• [What is needed] Exact repetition, pictures omitted: give every record below again.

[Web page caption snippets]
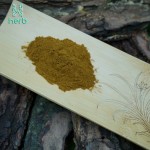 Ashwagandha Root Extract Powder Manufacturer - OEM/ODM Wholesale 2.5% 5% Withanolides Organic Withania Somnifera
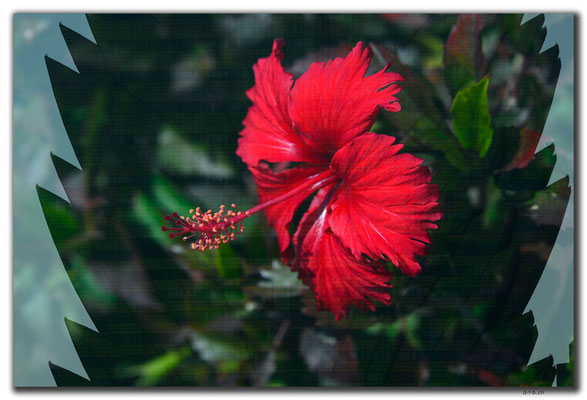 MO0010.Hibiskus und Grand Lisboa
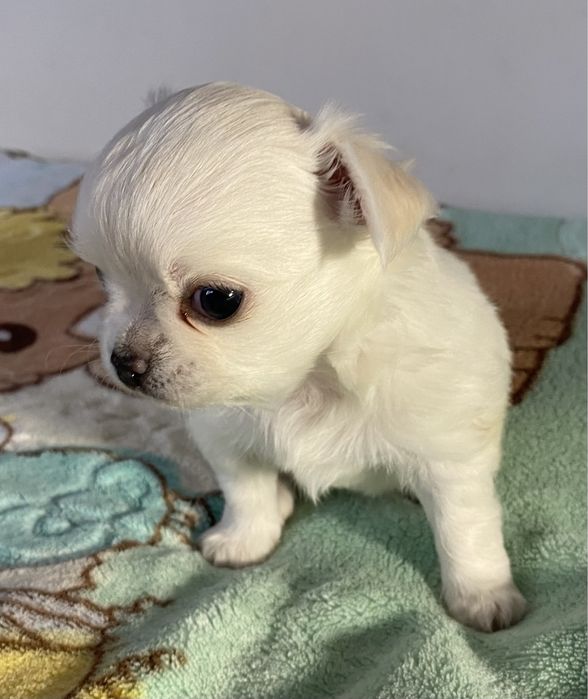 Чихуахуа девочка длинношерстная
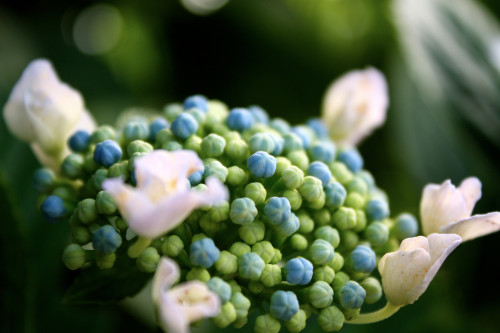 なんとも・・・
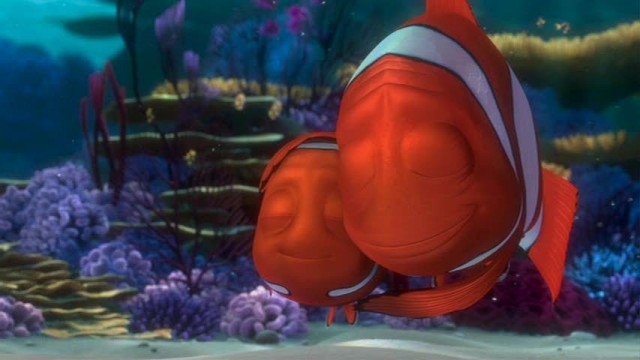 Kayıp Balık Nemo Fotoğrafı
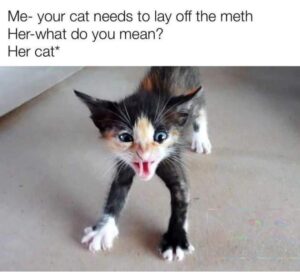 Stupid Bar Memes 86946274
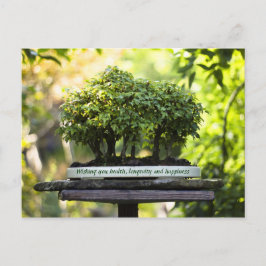 Miniatuur Green Forest Bonsai Pot Pedestal Leaves Briefkaart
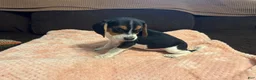 Beagle dogs for sale: Beagle 4 - Ad 4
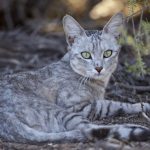 Ancêtre Du Chat Domestique A Traversé La Méditerranée Ancêtre Du Chat Domestique A Traversé La Méditerranée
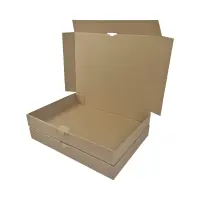 Maxibrief-Karton 350x250x50 mm braun DIN B4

• [Exercise output]
 Ashwagandha Root Extract Powder Manufacturer - OEM/ODM Wholesale 2.5% 5% Withanolides Organic Withania Somnifera
 MO0010.Hibiskus und Grand Lisboa
 Чихуахуа девочка длинношерстная
 なんとも・・・
 Kayıp Balık Nemo Fotoğrafı
 Stupid Bar Memes 86946274
 Miniatuur Green Forest Bonsai Pot Pedestal Leaves Briefkaart
 Beagle dogs for sale: Beagle 4 - Ad 4
 Ancêtre Du Chat Domestique A Traversé La Méditerranée Ancêtre Du Chat Domestique A Traversé La Méditerranée
 Maxibrief-Karton 350x250x50 mm braun DIN B4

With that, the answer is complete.